━━ DATA PROVIDED

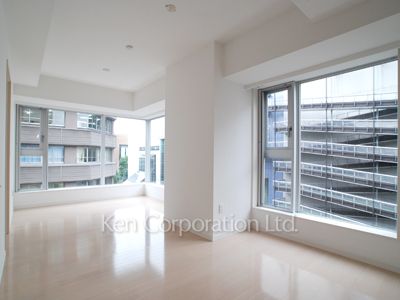 Living-Dining ※Photo of the same layout on 6 floor. Decoration and fixture may differ.
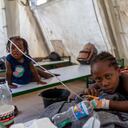 Niños que muestran síntomas de cólera reciben tratamiento en una clínica administrada por Médicos Sin Fronteras en Cit Soleil, una comuna densamente poblada de Port-au-Prince, Haití, el 7 de octubre de 2022. - Naciones Unidas advirtió el jueves sobre una posible explosión de casos de cólera en un Haití asolado por la crisis.
Haití anunció el domingo sus primeros casos de cólera en tres años, con siete personas muertas por la enfermedad.
Se han confirmado once casos y hay otros 111 casos sospechosos, pero las cifras reales podrían ser mucho más altas, dijo Ulrika Richardson, residente de la ONU y coordinadora humanitaria para Haití. (Foto de Richard Pierrin / AFP)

━━━━

### WORK INSTRUCTIONS
Lines from the one that holds "Niños que muestran" through the final line of the material are to be duplicated exactly; no pictures belong in the copy.

### EXERCISE RESPONSE
 Niños que muestran síntomas de cólera reciben tratamiento en una clínica administrada por Médicos Sin Fronteras en Cit Soleil, una comuna densamente poblada de Port-au-Prince, Haití, el 7 de octubre de 2022. - Naciones Unidas advirtió el jueves sobre una posible explosión de casos de cólera en un Haití asolado por la crisis.
Haití anunció el domingo sus primeros casos de cólera en tres años, con siete personas muertas por la enfermedad.
Se han confirmado once casos y hay otros 111 casos sospechosos, pero las cifras reales podrían ser mucho más altas, dijo Ulrika Richardson, residente de la ONU y coordinadora humanitaria para Haití. (Foto de Richard Pierrin / AFP)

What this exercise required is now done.